Sakine Arslan, 1986 yılında Selahattin Lal ile evlendi. Dolmuş şoförlüğü yapan eşi 7 yıl sonra kanser hastalığına yakalanarak hayatını kaybederken Sakine Arslan, resmi nikahı olmadığı için 'bekar' olarak kaldı. Asıl dram da bundan sonra başladı. Önce çocuklarını okula kaydettirmekte türlü engellerle karşılaştı. Eşi öldüğü için kayınvalidesi Asiye Lal'ı dava etti. Asiye Lal, bugün en küçüğü 12, en büyüğü ise 16 yaşında olan çocukların torunu olduğunu kabul ederek, oğlunun soyadını almalarını sağladı.
Sakine Arslan, 4 çocuk doğurmasına rağmen bekarlıktan bir türlü kurtulamıyor. Kimliğinde hala bekar görünün ancak 4 kişilik bir ailenin sorumluluğunu üstlenen 34 yaşındaki çaresiz kadın, eşinin sahip olduğu sosyal güvenceden faydalanamıyor. Fakirlere yapılan yardımlarda sürekli sorunlarla karşılaşıyor. Hem dul hem de bekar hayatı sürmeye devam eden Sakine Arslan ''Yıllar önce açılan dava sonucu çocuklarım babalarının soyadını aldı ancak ben hala bekar olarak kaldım. Dul olmak istiyorum ancak dava bile açamıyorum. Nereye gitsem 'Sen bekarsın. Bu çocuklar nasıl senin olur' diyorlar. Hemen bütün resmi işlemlerde karşıma zorluklar çıkıyor'' diye konuştu.

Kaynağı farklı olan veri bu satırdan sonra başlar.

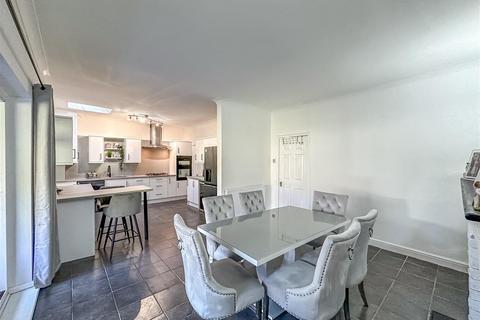 22 Brooklyn Drive, Rayleigh, SS6 9LW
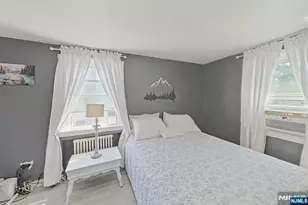112 Elmwood Dr, Elmwood Park, NJ 07407 - Photo 40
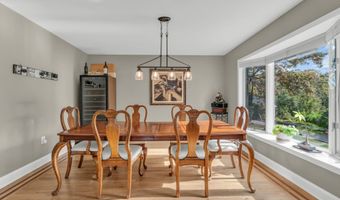 34 Serpentine Dr, Atlantic Highlands, NJ 07716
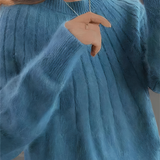 Women's Round Neck Sweater in Cozy Knit – Comfortable Winter Elegance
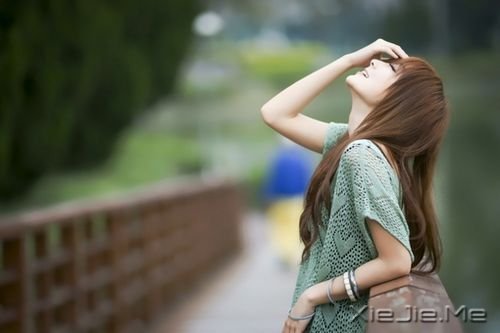 说了再见,才发现再也见不到 (1)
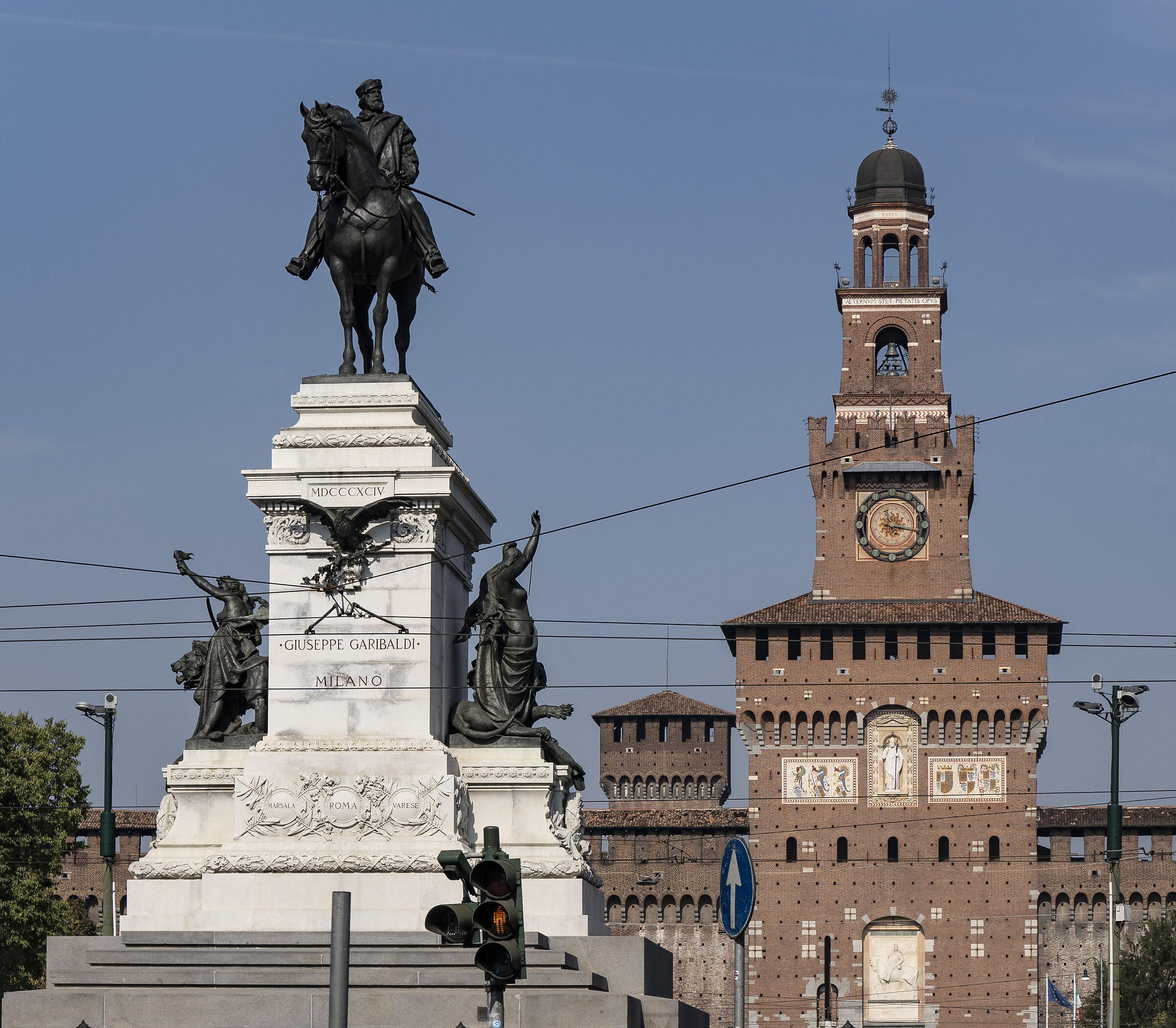 Monumento a Garibaldi e Torri del Filarete e di Bona...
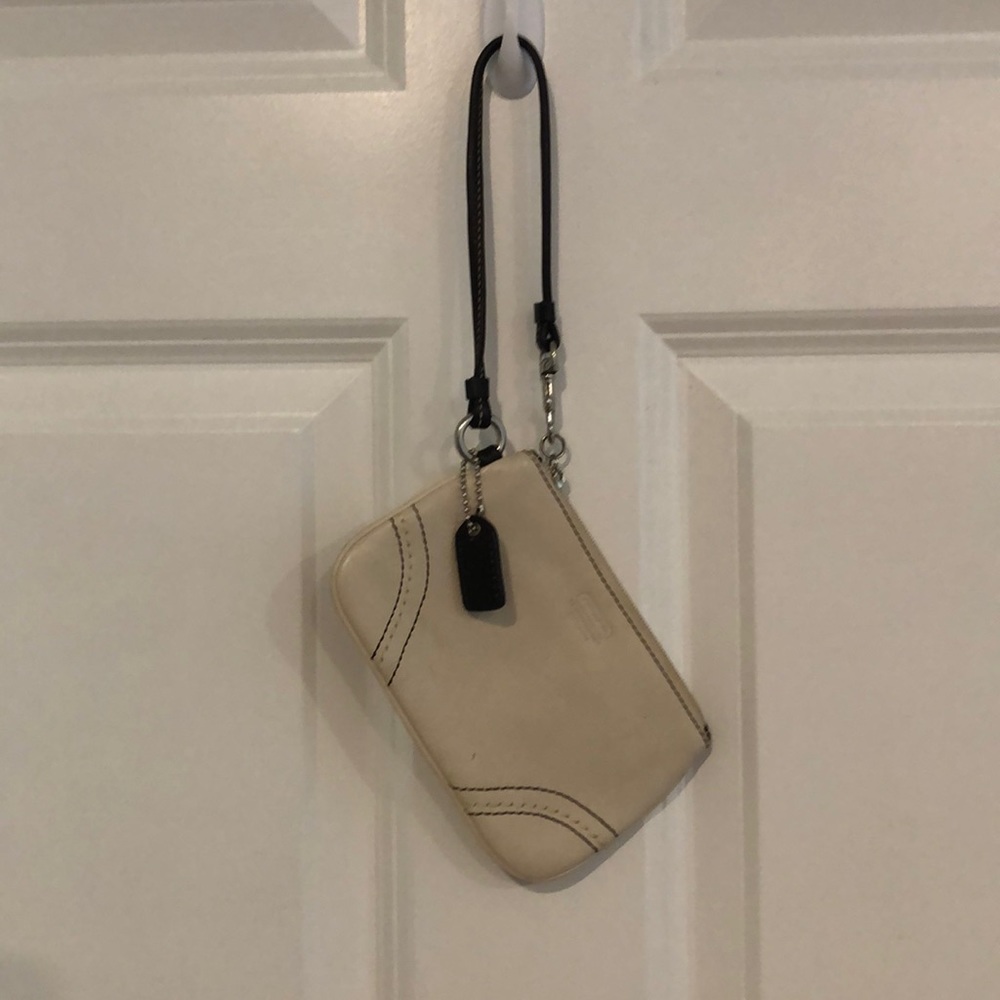 Wristlet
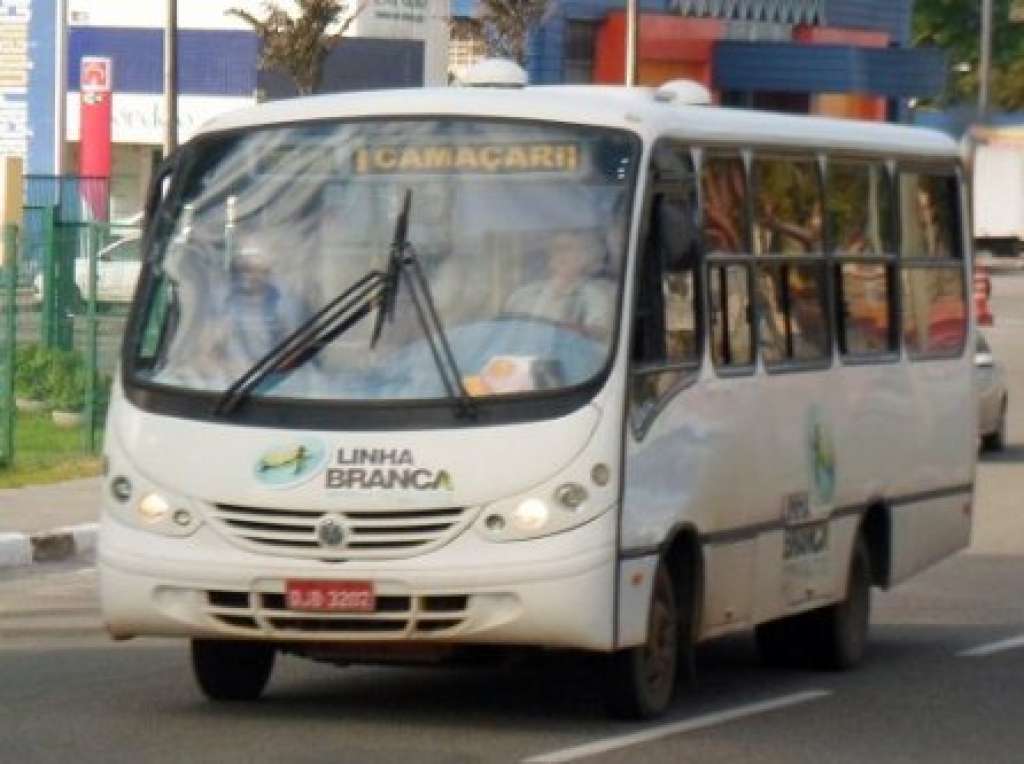 Camaçari: Motorista é assassinado enquanto dirigia ônibus em Areias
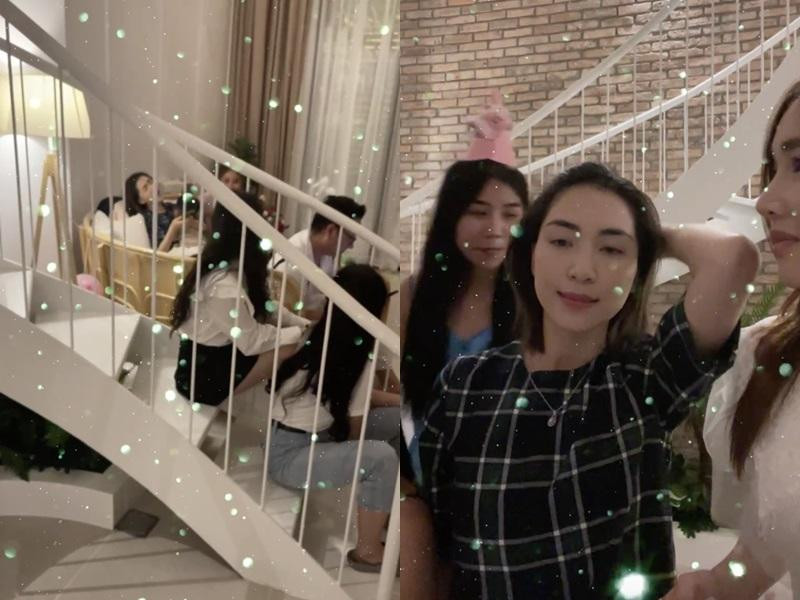 Chiếc cầu thang xoắn là điểm nhấn cho ngôi biệt thự của cặp sao. Chiếc cầu thang xoắn là điểm nhấn cho ngôi biệt thự của cặp sao.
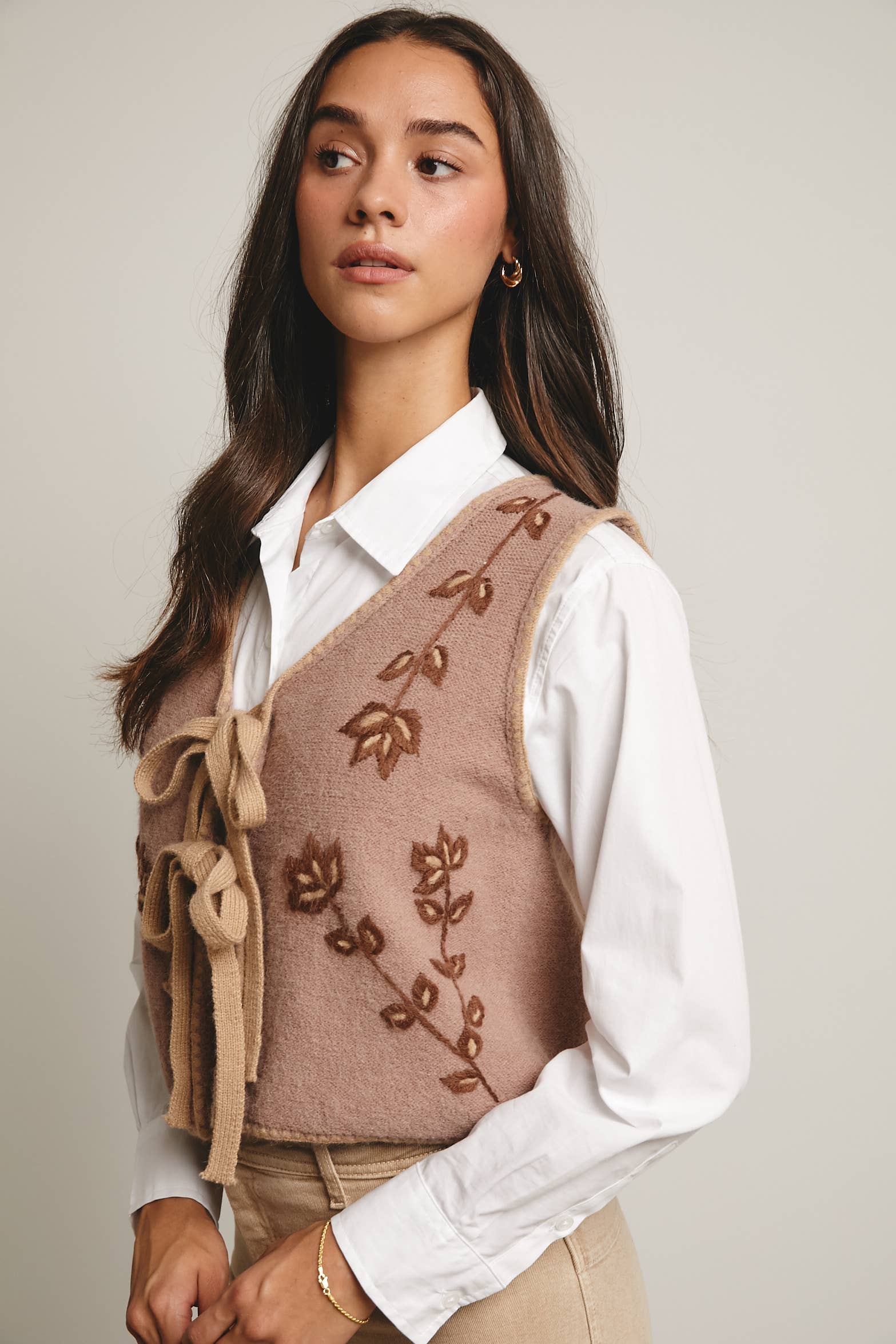 Forte - Wholesale Vest - Dames - Gebreid Vest met Bloemenprint en Striksluiting FSW000622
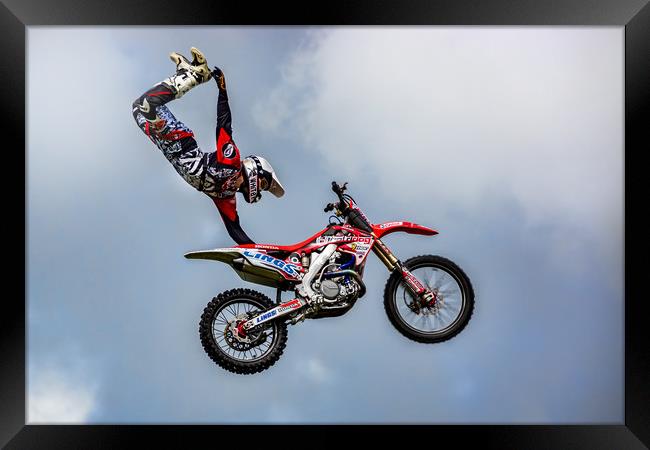 Stunt rider Framed Print by Sam Smith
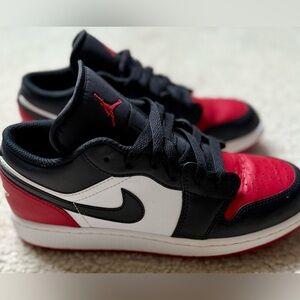 Jordan Retro 1 Low Bred Toe Grade School Size 5.5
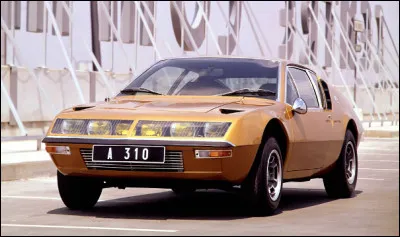 Quel est ce modèle de 1971 du constructeur Alpine ?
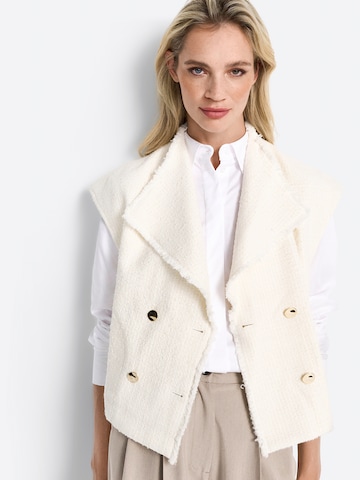Rich & Royal Vest in White: front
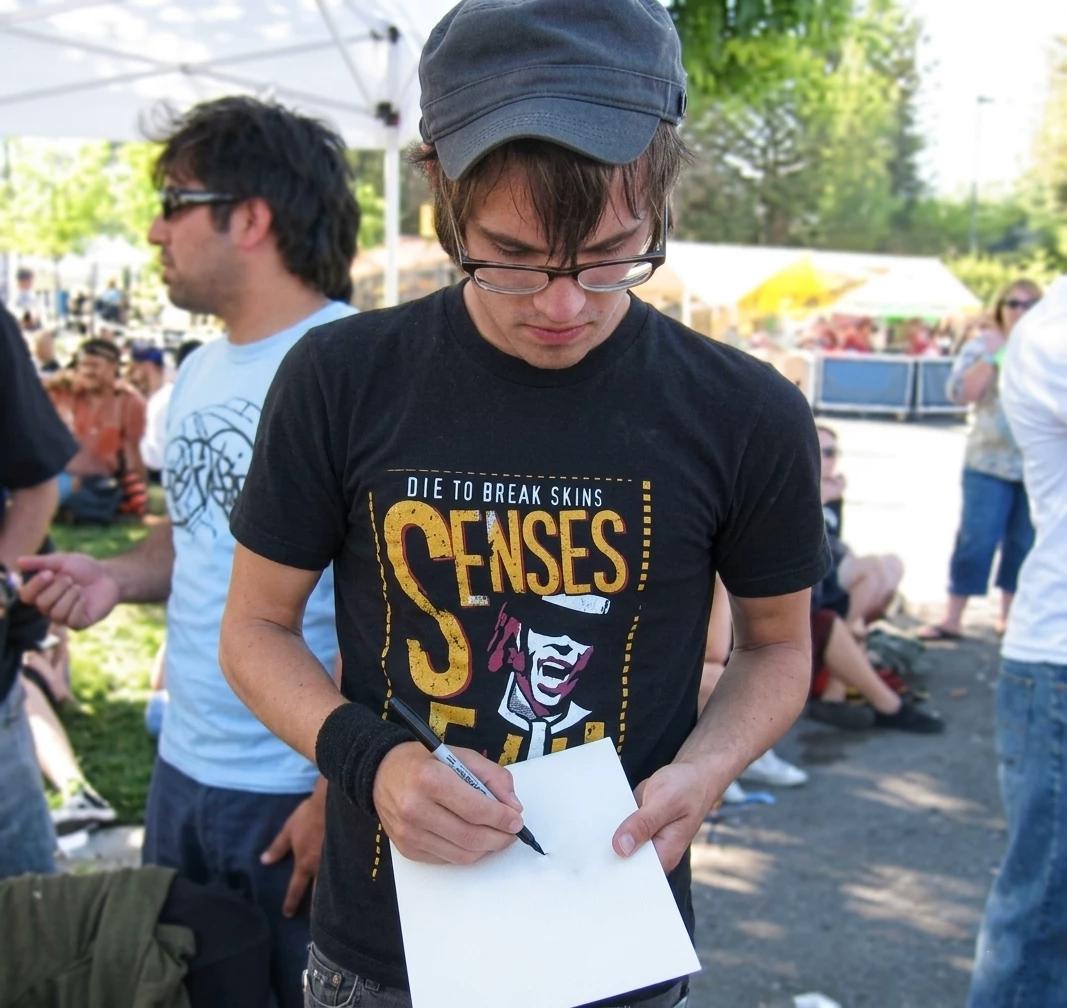 Mikey Way thumbnail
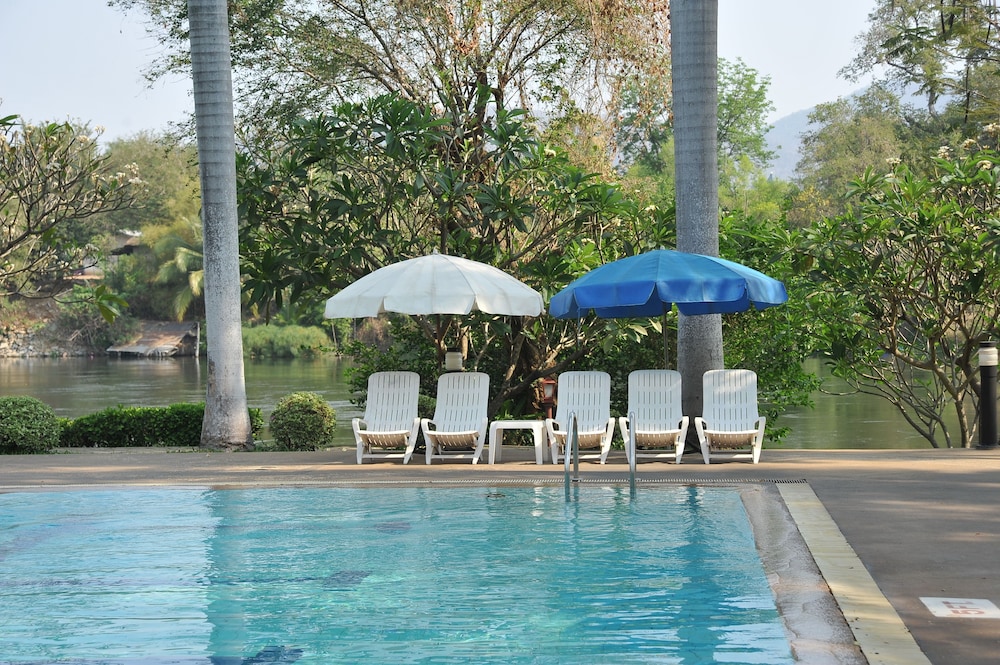 Felix River Kwai Resort 6/69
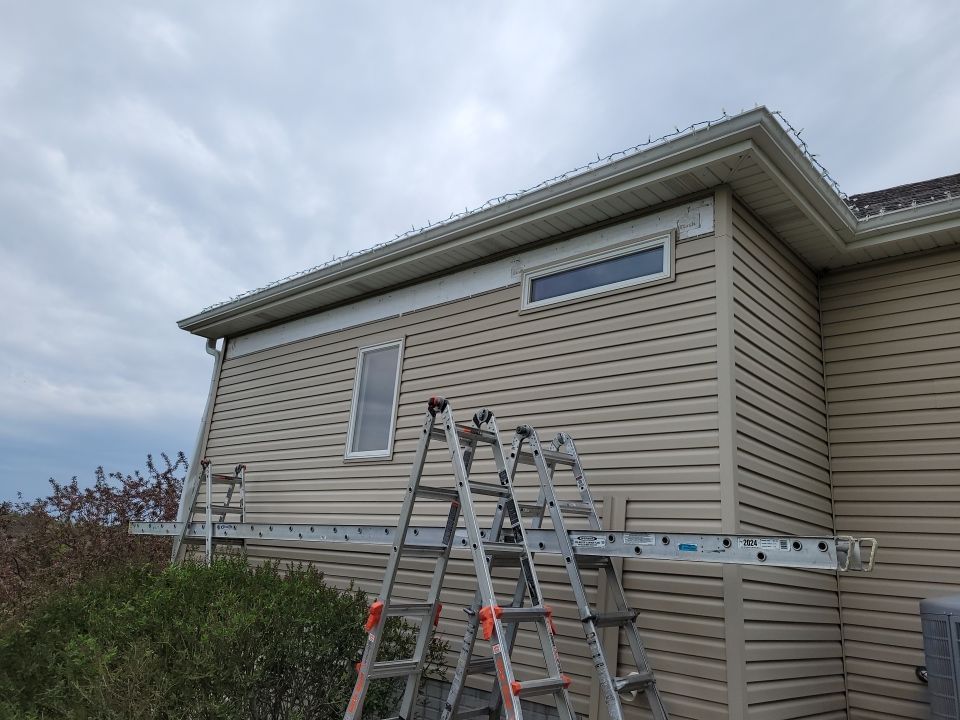 Residential Re-Roof using Landmark Shingles by White Castle Roofing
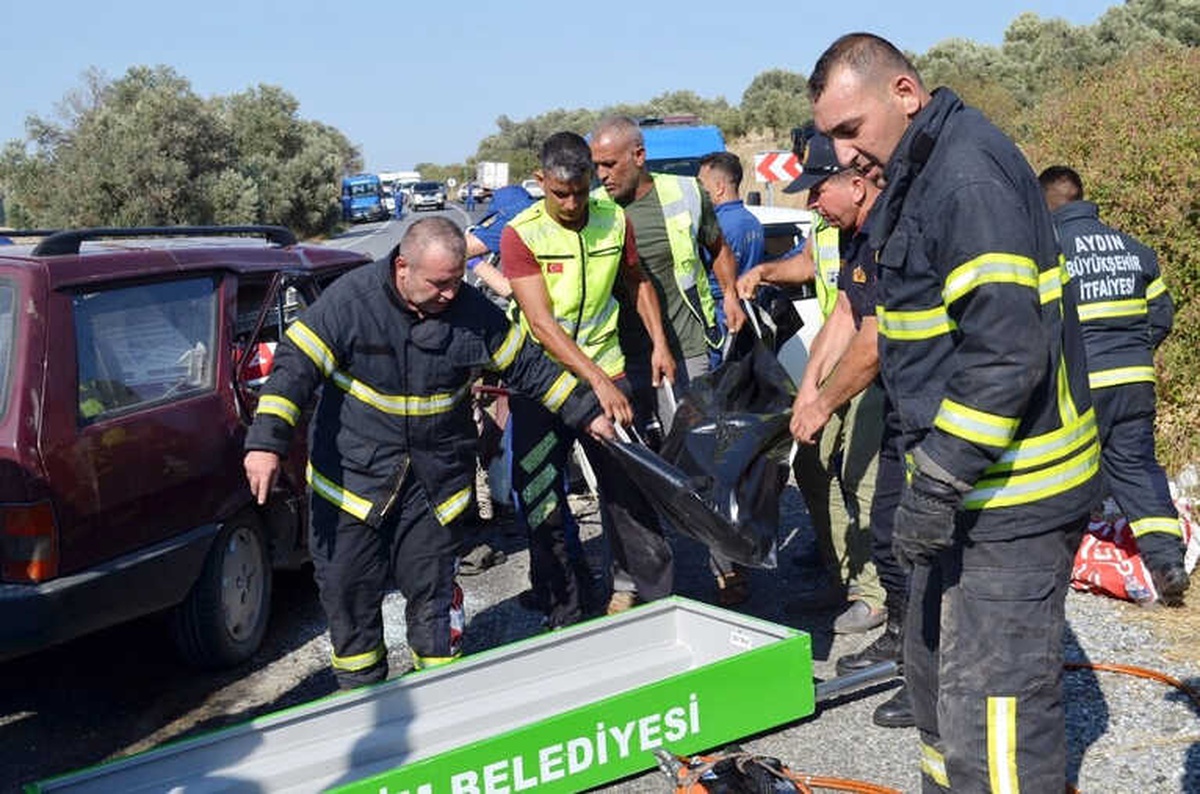 Aydın\'daki Trafik Kazasında 2 Kişi Hayatını Kaybetti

Sakine Arslan aynı kaderi paylaşan tek kişi değil. Birleşmiş Milletler Çocuk Fonu'nun (UNICEF) ''Kadın ve Çocukların Kaliteli Yaşam Göstergeleri -Türkiye'de Bölgelerin Gelişmesi 2000'' başlıklı raporuna göre Türkiye'de bir milyon 330 bin kişinin resmi nikahı bulunmuyor. Bu rapor, Sakine gibi en az binlerce kadının aynı çıkmazın içine düştüğünü ortaya koymaya yetiyor. Avukat Hasan Özler, ''Ölen kocasının soyadını taşımak ve bundan istifade etmek isteyen kadının işi gerçekten çok zor. Çünkü kocaları ölmüş. Nikah iki tarafın irade beyanını gerektirir. Ölen biriyle evlilik akdi nasıl yapılacak? Bu hukuken mümkün değil'' dedi. Özler, ''Kocası ölen ve resmi nikahı olmayan kadın, eşinin sosyal güvencesinden yararlanamaz. Eşinin hak ettiği bir tazminatı alamaz. Eşinin halefi olamaz; alacak ve borçlarını takip edemez. Mirasçısı olamaz. Ortada yapılmış fiili bir evlilik olmasına rağmen, bu durumdaki kadınların mağduriyetini giderecek kanun yok. Yani hukuk da çaresiz'' diye konuştu.
Özellikle kırsalda ve kenar mahallelerde Sakine Arslan örneğinin binlercesi olduğuna dikkat çeken Avukat Hasan Özler, bu tür mağduriyetlerin giderilmesi için hukuka karşı bazı hile yollarının da zaman zaman kullanıldığını belirtti. Özler, ''Sakine hanım kayınbiraderi ile evlenip tekrar boşanabilir. Yada aynı ismi taşıyan başka biriyle. Bu hukuka karşı bir hile gibi ancak başka çare de yok. Kati çözüm ise kanunda belirtilen 'dul' yada 'boşanmış' tanımının genişletilmesidir. Şimdilik başka çare görünmüyor'' dedi.